Ella estaba inconsolable. Nuevamente no entendía que pasaba en su vida. Los pocos momentos de “tranquilidad” estaban es su trabajo en donde lamentablemente tampoco se le dio el valor a su esfuerzo, ni se tuvo un gesto de humanidad para darle consuelo. Se supo de todos sus padecimientos, pero se hizo muy poco o nada para darle apoyo.

Se sabía que sus patrones de siempre se harían cargo de llevarla a otro lugar y los remordimientos de conciencia se acallaron en el transcurrir de las rutinas y problemas personales de la gente que la conoció, como dejando a los otros la responsabilidad de ampararla. Ahí es dónde surge el reclamo fuerte para la falta de atención a la vida. Los porque inútiles, y que no se olvidan.

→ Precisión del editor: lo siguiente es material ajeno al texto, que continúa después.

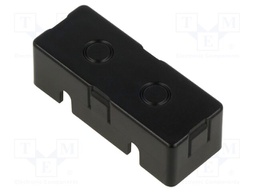 Terminal cover; IP20; 52.8x20.8x16.6mm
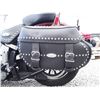 Image 18 : 0C --  2008 HARLEY DAVIDSON FLSTC SOFT TAIL  CLASSIC, RED, 48,000 KMS
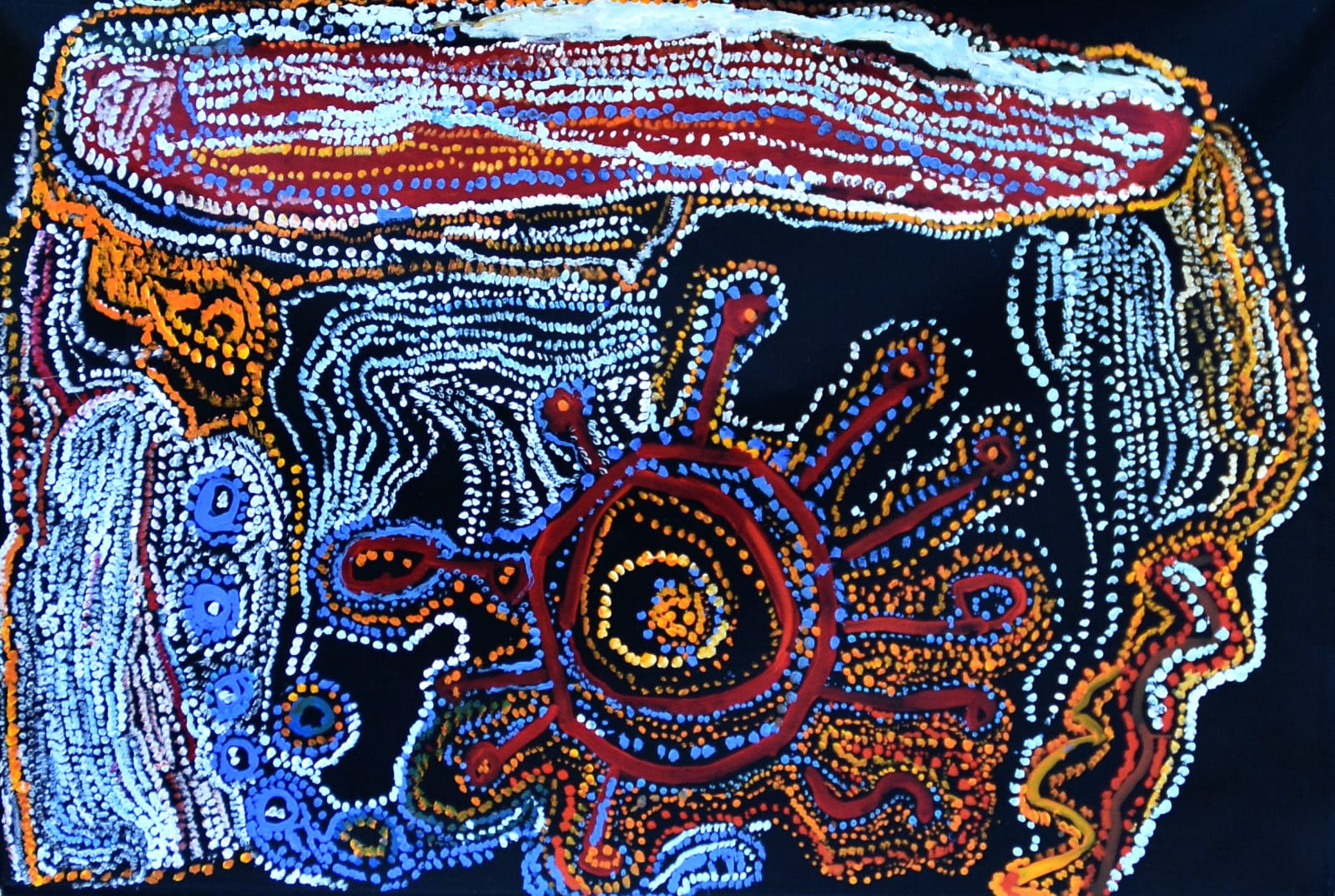 Lawrence Pennington, Pukara, 2022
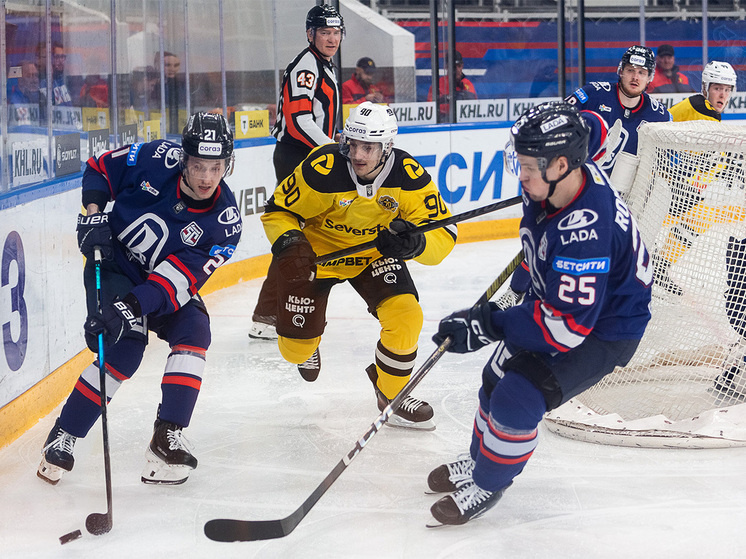     Фото: Андрей Холмов/ХК «Лада»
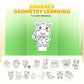 ✨Pull String 3D Geometry Lernbuch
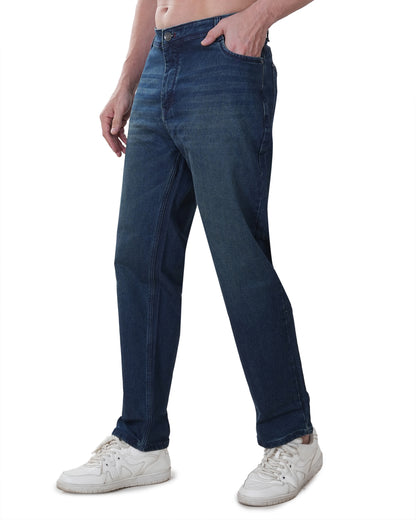SYK FUNKY DARK BLUE JEANS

El recuerdo de su vida aun que ella la sobrellevó con la famosa “resignación” no quita la crueldad e indiferencia que se pretexta de los que pudieron en su momento tener actos de humanidad para su persona. No vale que un ser humano sea indiferente y la indolencia se exhiba como una opción.

Perdón Señora. Aún que no sirva ya de algo. Por eso es por lo que la memoria y los recuerdos de esos actos nunca se pierden. La vida reclama el haber omitido la oportunidad de estar atentos, estar dispuestos a ofrecer un poco de lo mucho que a unos se les otorga como una prueba de compasión.

No es advertencia, ni juicio, es una constancia para estar alerta con las almas que con su existir nos tocan, tan cerca, que podrían verse si se enfocan con Conciencia entre tantas distracciones y apariencias. Antes de que sea tarde.